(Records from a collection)
☆ ☆ ☆

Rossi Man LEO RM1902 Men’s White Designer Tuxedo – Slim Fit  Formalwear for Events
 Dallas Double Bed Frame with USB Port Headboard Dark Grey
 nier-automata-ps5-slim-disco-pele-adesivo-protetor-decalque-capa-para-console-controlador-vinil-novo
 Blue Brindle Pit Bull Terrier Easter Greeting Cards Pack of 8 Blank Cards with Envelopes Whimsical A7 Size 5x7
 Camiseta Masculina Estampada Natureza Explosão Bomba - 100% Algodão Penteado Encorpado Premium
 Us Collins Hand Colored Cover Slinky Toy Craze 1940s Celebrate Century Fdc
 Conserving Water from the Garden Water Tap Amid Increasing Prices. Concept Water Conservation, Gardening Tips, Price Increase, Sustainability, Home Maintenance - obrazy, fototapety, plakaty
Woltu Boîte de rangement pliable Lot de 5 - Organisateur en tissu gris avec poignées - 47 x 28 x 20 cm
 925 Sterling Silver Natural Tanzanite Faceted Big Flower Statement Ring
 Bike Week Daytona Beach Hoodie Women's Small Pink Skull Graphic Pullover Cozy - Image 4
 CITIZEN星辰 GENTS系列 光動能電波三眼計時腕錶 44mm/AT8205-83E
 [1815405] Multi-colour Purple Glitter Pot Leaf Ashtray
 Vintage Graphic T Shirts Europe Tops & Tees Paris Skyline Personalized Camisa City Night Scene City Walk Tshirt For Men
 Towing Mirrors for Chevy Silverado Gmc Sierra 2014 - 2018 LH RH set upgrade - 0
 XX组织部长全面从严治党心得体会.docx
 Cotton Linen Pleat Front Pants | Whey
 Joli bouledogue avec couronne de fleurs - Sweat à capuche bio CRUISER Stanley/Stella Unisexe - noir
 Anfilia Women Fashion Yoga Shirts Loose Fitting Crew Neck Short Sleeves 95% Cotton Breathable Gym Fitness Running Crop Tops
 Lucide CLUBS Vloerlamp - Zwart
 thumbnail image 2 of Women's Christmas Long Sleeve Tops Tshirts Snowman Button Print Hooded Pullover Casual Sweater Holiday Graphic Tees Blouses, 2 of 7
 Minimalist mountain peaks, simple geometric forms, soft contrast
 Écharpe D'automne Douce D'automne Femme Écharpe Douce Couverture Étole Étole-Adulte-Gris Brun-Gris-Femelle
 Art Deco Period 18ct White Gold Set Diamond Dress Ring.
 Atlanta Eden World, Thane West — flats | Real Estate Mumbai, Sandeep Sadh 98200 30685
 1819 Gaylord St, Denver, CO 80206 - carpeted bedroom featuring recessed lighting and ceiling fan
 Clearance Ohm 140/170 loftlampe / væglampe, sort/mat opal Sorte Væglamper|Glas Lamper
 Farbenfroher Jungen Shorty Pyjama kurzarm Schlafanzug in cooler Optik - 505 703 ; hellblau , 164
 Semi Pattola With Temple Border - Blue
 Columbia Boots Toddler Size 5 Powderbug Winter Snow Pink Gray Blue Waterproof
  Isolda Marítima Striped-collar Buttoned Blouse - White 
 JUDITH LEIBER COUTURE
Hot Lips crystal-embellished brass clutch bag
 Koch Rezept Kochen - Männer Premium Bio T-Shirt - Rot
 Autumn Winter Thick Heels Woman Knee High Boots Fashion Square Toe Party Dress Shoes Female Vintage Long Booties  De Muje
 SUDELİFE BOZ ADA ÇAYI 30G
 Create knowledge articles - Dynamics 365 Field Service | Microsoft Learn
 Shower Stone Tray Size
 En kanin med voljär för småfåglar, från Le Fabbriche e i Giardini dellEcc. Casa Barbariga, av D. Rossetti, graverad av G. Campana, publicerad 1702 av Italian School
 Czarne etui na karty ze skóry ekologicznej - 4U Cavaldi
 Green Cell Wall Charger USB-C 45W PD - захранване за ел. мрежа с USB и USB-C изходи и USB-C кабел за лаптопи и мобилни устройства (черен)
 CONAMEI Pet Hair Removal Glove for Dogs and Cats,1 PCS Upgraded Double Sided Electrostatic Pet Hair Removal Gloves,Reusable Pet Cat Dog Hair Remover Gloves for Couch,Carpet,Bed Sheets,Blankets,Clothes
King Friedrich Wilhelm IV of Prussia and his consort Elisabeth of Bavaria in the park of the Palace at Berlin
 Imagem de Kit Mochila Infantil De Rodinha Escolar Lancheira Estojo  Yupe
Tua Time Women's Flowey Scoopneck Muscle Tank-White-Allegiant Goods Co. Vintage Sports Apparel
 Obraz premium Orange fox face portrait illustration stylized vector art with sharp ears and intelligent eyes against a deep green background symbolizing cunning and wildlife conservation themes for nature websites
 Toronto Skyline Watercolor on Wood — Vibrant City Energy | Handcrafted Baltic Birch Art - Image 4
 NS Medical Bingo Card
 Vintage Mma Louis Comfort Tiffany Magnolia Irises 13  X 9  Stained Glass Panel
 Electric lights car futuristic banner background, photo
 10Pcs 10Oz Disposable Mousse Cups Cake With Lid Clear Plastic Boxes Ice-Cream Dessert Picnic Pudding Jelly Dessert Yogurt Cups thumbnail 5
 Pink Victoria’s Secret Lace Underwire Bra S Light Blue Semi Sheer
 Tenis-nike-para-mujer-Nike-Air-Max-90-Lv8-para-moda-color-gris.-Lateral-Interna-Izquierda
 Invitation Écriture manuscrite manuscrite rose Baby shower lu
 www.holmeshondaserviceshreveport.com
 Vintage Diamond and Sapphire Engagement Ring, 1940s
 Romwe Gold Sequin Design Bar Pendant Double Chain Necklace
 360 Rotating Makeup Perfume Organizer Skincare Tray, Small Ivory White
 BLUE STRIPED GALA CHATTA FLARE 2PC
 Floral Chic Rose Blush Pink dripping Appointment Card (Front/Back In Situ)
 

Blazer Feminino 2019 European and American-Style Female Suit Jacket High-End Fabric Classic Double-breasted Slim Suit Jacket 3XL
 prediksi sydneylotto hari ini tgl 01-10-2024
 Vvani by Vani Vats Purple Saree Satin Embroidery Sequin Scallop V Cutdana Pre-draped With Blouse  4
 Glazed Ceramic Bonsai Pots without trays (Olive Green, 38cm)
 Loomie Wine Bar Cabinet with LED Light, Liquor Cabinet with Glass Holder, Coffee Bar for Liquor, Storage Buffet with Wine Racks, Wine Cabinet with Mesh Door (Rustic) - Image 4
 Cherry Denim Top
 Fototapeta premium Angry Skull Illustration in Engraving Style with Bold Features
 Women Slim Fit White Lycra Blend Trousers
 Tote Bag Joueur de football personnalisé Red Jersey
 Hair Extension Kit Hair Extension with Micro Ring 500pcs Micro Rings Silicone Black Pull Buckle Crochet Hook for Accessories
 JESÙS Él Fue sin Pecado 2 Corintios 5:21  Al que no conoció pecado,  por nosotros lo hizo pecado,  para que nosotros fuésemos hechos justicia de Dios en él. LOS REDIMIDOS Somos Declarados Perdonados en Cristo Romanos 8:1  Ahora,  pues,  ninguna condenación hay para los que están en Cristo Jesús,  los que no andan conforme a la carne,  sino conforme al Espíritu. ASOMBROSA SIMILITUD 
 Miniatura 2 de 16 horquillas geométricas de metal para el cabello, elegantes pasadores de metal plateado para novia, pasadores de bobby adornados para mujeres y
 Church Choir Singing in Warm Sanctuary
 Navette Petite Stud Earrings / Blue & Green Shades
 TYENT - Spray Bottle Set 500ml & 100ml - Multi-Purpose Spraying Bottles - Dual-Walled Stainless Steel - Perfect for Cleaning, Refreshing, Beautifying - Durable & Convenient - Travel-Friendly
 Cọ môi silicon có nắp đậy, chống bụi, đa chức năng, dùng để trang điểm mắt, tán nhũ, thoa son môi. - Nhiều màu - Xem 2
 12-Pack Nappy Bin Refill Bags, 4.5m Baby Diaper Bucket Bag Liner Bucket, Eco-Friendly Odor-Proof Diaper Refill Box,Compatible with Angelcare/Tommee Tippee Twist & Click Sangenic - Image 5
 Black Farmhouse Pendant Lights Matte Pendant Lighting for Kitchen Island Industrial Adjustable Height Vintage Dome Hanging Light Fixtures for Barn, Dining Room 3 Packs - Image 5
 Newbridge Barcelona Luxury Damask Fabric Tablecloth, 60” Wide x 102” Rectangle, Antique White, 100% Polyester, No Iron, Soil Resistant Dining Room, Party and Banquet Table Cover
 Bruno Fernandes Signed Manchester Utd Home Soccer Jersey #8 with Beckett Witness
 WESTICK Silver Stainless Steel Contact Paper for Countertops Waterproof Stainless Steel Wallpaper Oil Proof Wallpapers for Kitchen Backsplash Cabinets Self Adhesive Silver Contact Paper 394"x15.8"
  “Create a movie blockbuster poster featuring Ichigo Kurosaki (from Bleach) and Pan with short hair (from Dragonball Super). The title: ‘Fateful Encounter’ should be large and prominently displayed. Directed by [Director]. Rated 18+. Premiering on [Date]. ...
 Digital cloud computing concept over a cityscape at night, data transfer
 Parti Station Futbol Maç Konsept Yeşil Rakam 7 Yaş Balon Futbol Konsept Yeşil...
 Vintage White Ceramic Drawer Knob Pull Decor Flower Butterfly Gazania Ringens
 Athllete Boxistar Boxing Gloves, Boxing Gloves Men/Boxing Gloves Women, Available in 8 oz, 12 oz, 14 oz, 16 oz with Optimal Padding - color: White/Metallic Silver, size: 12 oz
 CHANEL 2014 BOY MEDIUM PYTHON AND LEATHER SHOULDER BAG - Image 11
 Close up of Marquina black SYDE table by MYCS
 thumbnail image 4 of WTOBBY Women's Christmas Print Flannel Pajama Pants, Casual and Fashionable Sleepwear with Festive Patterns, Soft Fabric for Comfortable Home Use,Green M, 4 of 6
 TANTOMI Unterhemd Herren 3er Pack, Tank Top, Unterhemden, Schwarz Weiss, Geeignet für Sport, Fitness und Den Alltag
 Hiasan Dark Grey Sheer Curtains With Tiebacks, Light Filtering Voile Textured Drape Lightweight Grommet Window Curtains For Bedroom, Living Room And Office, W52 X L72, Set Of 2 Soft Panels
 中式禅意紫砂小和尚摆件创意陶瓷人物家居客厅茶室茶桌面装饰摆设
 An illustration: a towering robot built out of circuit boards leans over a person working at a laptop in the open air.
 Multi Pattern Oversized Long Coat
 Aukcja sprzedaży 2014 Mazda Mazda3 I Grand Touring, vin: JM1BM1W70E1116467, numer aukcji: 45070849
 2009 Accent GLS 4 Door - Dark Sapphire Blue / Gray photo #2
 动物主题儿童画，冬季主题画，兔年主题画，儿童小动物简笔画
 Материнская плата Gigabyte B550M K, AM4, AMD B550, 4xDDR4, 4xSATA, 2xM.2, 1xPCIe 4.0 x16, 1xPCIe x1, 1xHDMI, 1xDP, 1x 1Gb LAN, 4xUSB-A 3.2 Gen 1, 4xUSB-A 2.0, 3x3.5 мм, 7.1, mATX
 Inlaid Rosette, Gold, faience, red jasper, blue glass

☆ ☆ ☆

EXERCISE OBJECTIVE: From the records above, pull every line that has the string "Long" and copy it.

FINAL ANSWER:
 thumbnail image 2 of Women's Christmas Long Sleeve Tops Tshirts Snowman Button Print Hooded Pullover Casual Sweater Holiday Graphic Tees Blouses, 2 of 7
 Autumn Winter Thick Heels Woman Knee High Boots Fashion Square Toe Party Dress Shoes Female Vintage Long Booties  De Muje
 Multi Pattern Oversized Long Coat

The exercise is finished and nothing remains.